The Spirit Behind Black History Month


We are officially one week into Black History Month and I would love to go into the weekend off with a quote from the late Franklin Thomas who was the former president of the Ford Foundation. “One day our descendants will think it incredible that we paid so much attention to things like the amount of melanin in our skin or the shape of our eyes or our gender instead of the unique identities of each of us as complex human beings.” This quote encapsulates the very idea behind Black History Month. Most people assume that this month is exclusively about discussing the trials and tribulations of black people, specifically African-Americans, but it’s about celebrating those struggles and acknowledging them so that we can learn from the past.

(Getty Images) Carter Godwin Woodson (1875 – 1950)

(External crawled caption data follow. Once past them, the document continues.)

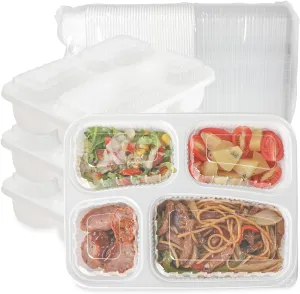 YANGRUI To Go Containers, 40 Pack 34oz White Meal Prep Container BPA Free Shrink Wrap Microwave Safe Reusable Bento Box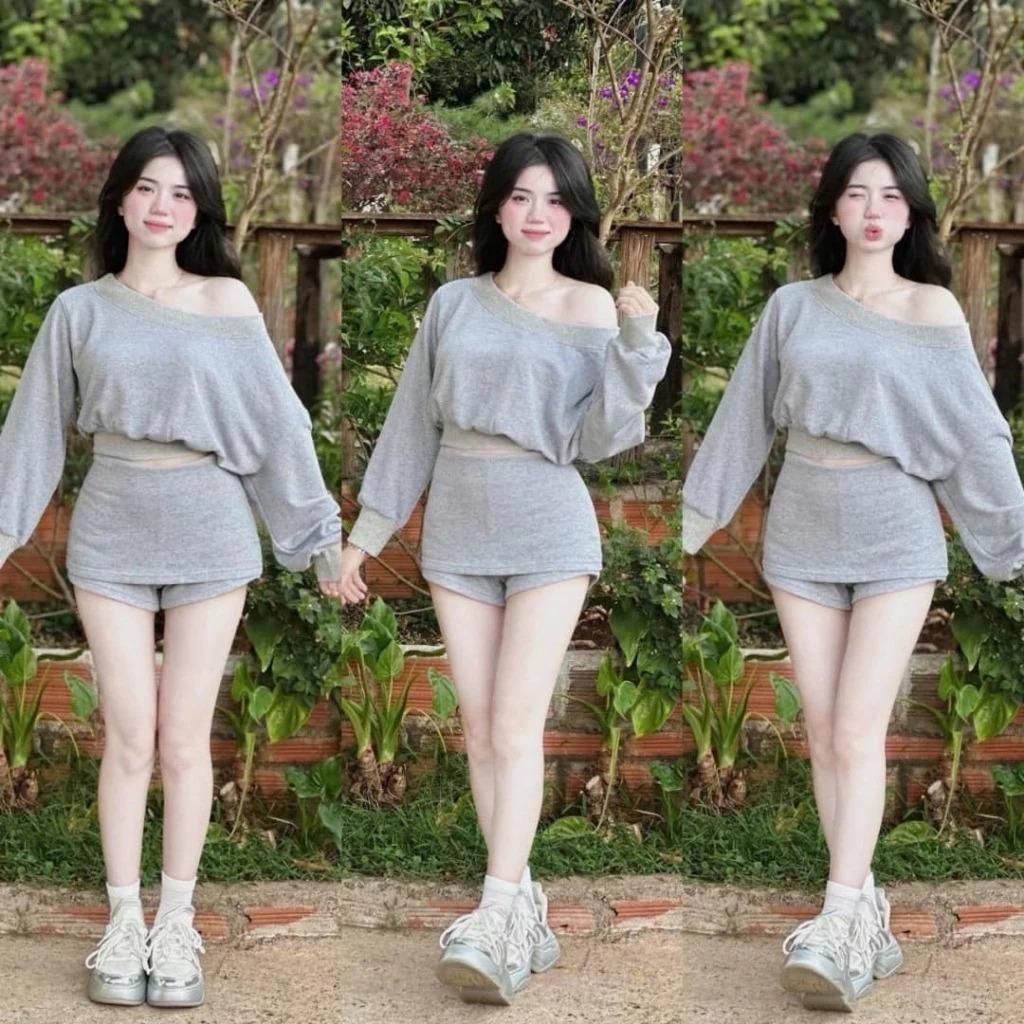 Sét Áo Xám Trơn  Trễ vai phối kèm chân váy Xếp Ly Sang chảnh Chất Nỉ 2 da dày dặn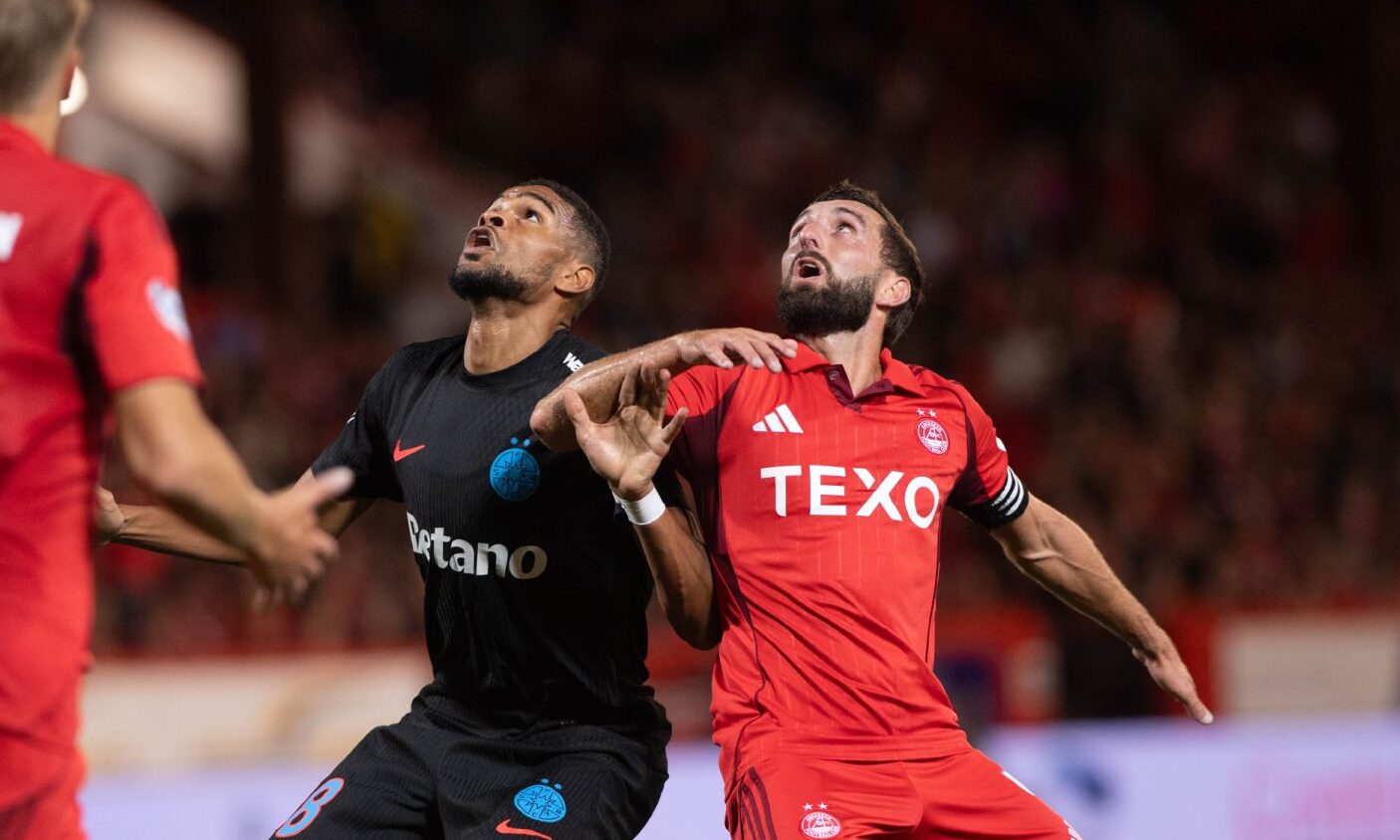 Aberdeen's Graeme Shinnie in action against FCSB at Pittodrie.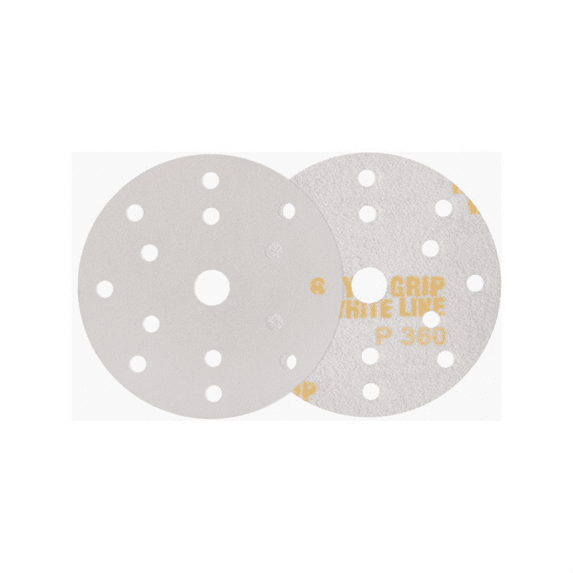 Indasa USA,Inc. 61-80 Rhynogrip White Line Abrasive Solid Disc, 6 in Dia, 80 Grit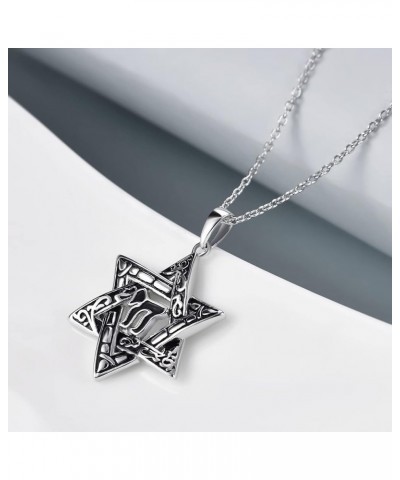 Star of David Necklace Sterling Sliver Abalone Shell Tree of Life Necklace Jewish Jewelry Gifts for Women Men chai $25.19 Nec...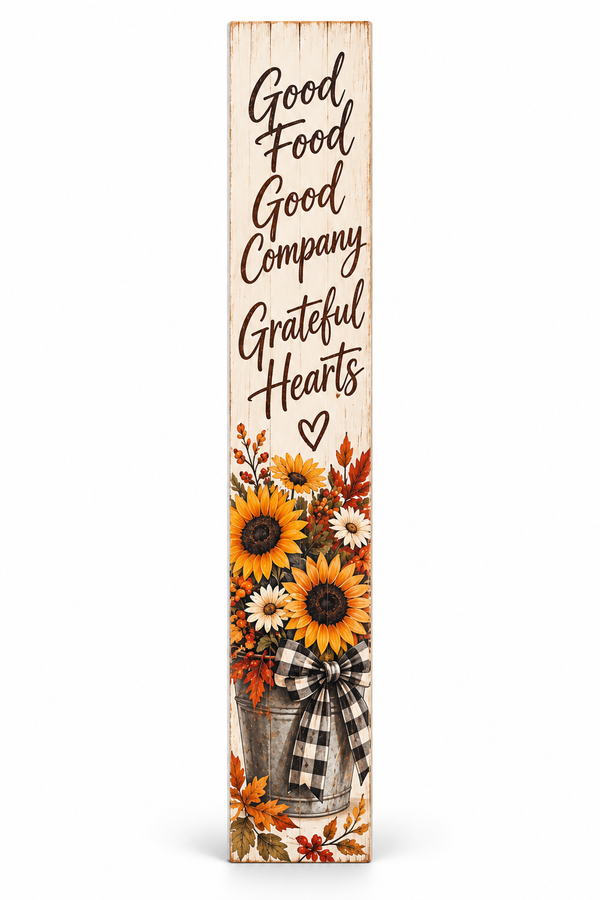 Good Food Good Company Grateful Hearts PVC porch board white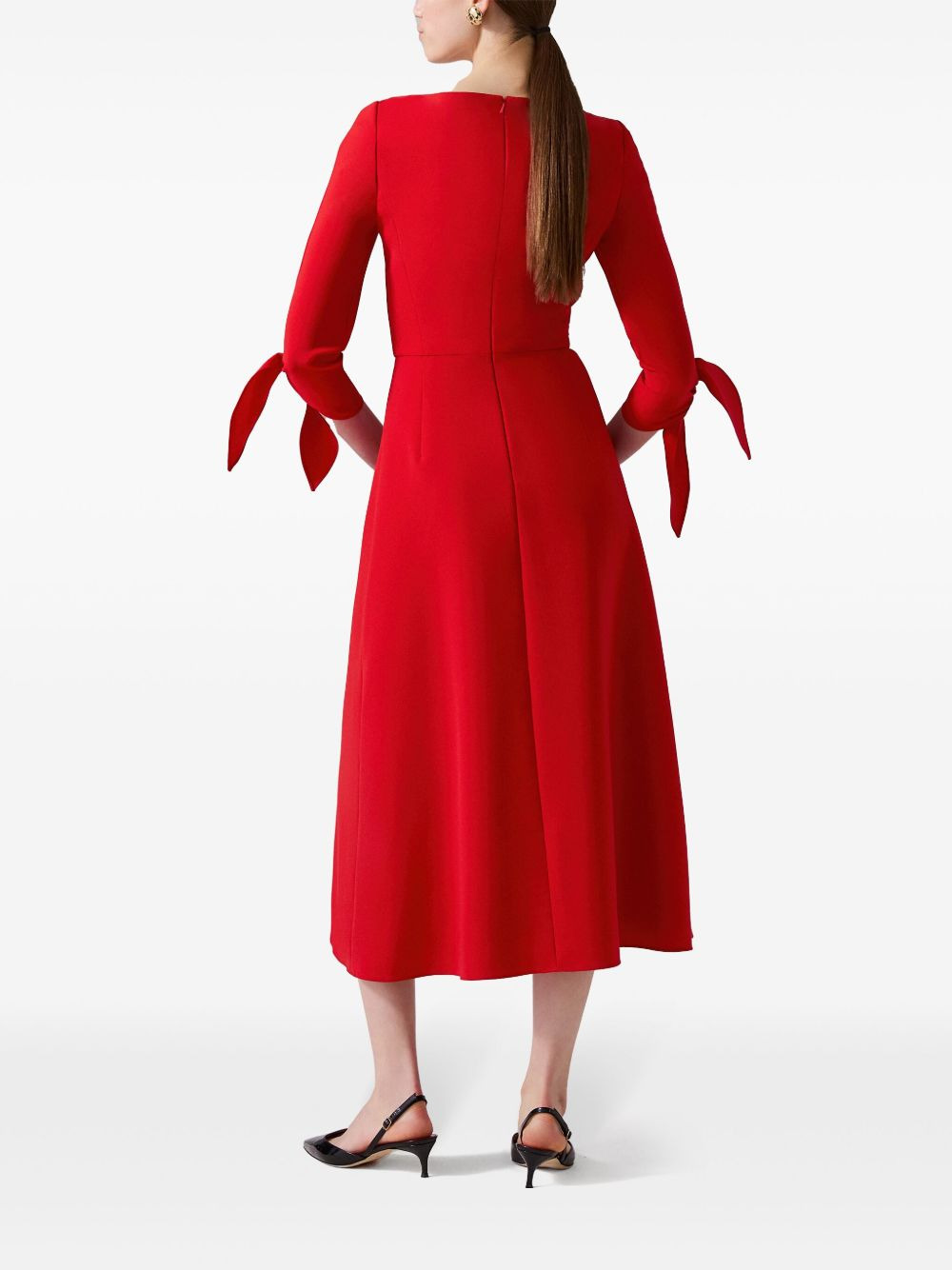 tie-sleeve midi dress - 3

Black History Month roots as an annual celebration of achievements by African Americans and a time for recognizing the central role of blacks in U.S. history. The event grew out of “Negro History Week”, which was exclusively the second week in February. The historian Carter G. Woodson was the main person who began fueling the idea in September of 1915. After founding The Study of Negro Life and History, he decided it would be logical to have an official week dedicated to acknowledging said life and history.

Maya Angelou (1970’s)

After officially recognizing Black History Month for the first time in 1975, President Gerald Ford asked the public to “seize the opportunity to honor the too-often neglected accomplishments of black Americans in every area of endeavor throughout our history.” Since 1976, every U.S. president has officially designated the month of February as Black History Month. Other countries around the world, including Canada and the United Kingdom, also devote a month to celebrating black history.

We cannot move into the future without learning from our past. I believe African-Americans feel that we owe it to our ancestors to honor their accomplishments without forgetting their struggles. The late poet Maya Angelou once said, “We delight in the beauty of the butterfly, but rarely admit the changes it has gone through to achieve that beauty.” You could say that this quote captures the spirit of the modern-day Black History Month. While we are progressing rapidly as a group, and happily doing so, we need to continue to look back on past generations so that we don’t repeat history.